Intuitively, what is the difference between Eigendecomposition and Singular Value Decomposition?

Consider the eigendecomposition $A=P D P^{-1}$ and SVD $A=U \Sigma V^*$. Some key differences are as follows,

  • The vectors in the eigendecomposition matrix $P$ are not necessarily orthogonal, so the change of basis isn't a simple rotation. On the other hand, the vectors in the matrices $U$ and $V$ in the SVD are orthonormal, so they do represent rotations (and possibly flips).
  • In the SVD, the nondiagonal matrices $U$ and $V$ are not necessairily the inverse of one another. They are usually not related to each other at all. In the eigendecomposition the nondiagonal matrices $P$ and $P^{-1}$ are inverses of each other.
  • In the SVD the entries in the diagonal matrix $\Sigma$ are all real and nonnegative. In the eigendecomposition, the entries of $D$ can be any complex number - negative, positive, imaginary, whatever.
  • The SVD always exists for any sort of rectangular or square matrix, whereas the eigendecomposition can only exists for square matrices, and even among square matrices sometimes it doesn't exist.

I encourage you to see an $(m \times n)$ real-valued matrix $A$ as a bilinear operator between two spaces; intuitively, one space lies to the left ($R^m$) and the other ($R^n$) to the right of $A$. "Bilinear" simply means that $A$ is linear in both directions (left to right or right to left). The operations $A$ can perform are limited to scaling, rotation, and reflection, and combinations of these; any other kind of operation is non-linear.

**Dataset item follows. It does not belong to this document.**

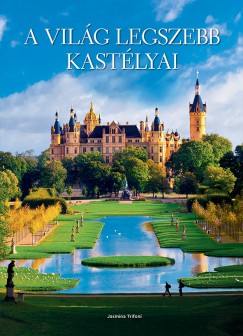 Jasmina Trifoni - A világ legszebb kastélyai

$A$ transforms vectors between the two spaces via multiplication:

$x^T$ A = $y^T$ transforms left vector $x$ to right vector $y$.

$x = A y$ transforms right vector $y$ to left vector $x$.

The point of decompositions of $A$ is to identify, or highlight, aspects of the action of $A$ as an operator. The eigendecomposition of $A$ clarifies what $A$ does by finding the eigenvalues and eigenvectors that satisfy the constraint

$A x = \lambda x$.

This constraint identifies vectors (directions) $x$ that are not rotated by $A$, and the scalars $\lambda$ associated with each of those directions.

The problem with eigendecomposition is that when the matrix isn't square, the left and right space are spaces of vectors of different sizes and therefore completely different spaces; there really isn't a sense in which $A$'s action can be described as involving a "rotation", because the left and right spaces are not "oriented" relative to one another. There just isn't a way to generalize the notion of an eigendecomposition to a non-square matrix $A$.

Singular vectors provide a different way to identify vectors for which the action of $A$ is simple; one that does generalize to the case where the left and right spaces are different. A corresponding pair of singular vectors have a scalar $\sigma$ for which $A$ scales by the same amount, whether transforming from the left space to the right space or vice-versa:

$ x^T A = \sigma y^T$

$\sigma x = A y$.

Thus, eigendecomposition represents $A$ in terms of how it scales vectors it doesn't rotate, while singular value decomposition represents $A$ in terms of corresponding vectors that are scaled the same, whether moving from the left to the right space or vice-versa. When the left and right space are the same (i.e. when $A$ is square), singular value decomposition represents $A$ in terms of how it rotates and reflects vectors that $A$ and $A^T$ scale by the same amount.


Intuitively, $SVD$ says for any linear map, there is an orthonormal frame in the domain such that it is first mapped to a different orthonormal frame in the image space, and then the values are scaled.

Eigendecomposition says that there is a basis, it doesn't have to be orthonormal, such that when the matrix is applied, this basis is simply scaled. That is assuming you have $n$ linearly independent eigenvectors of course. In some cases your eigenspaces may have the linear map behave more like upper triangular matrices.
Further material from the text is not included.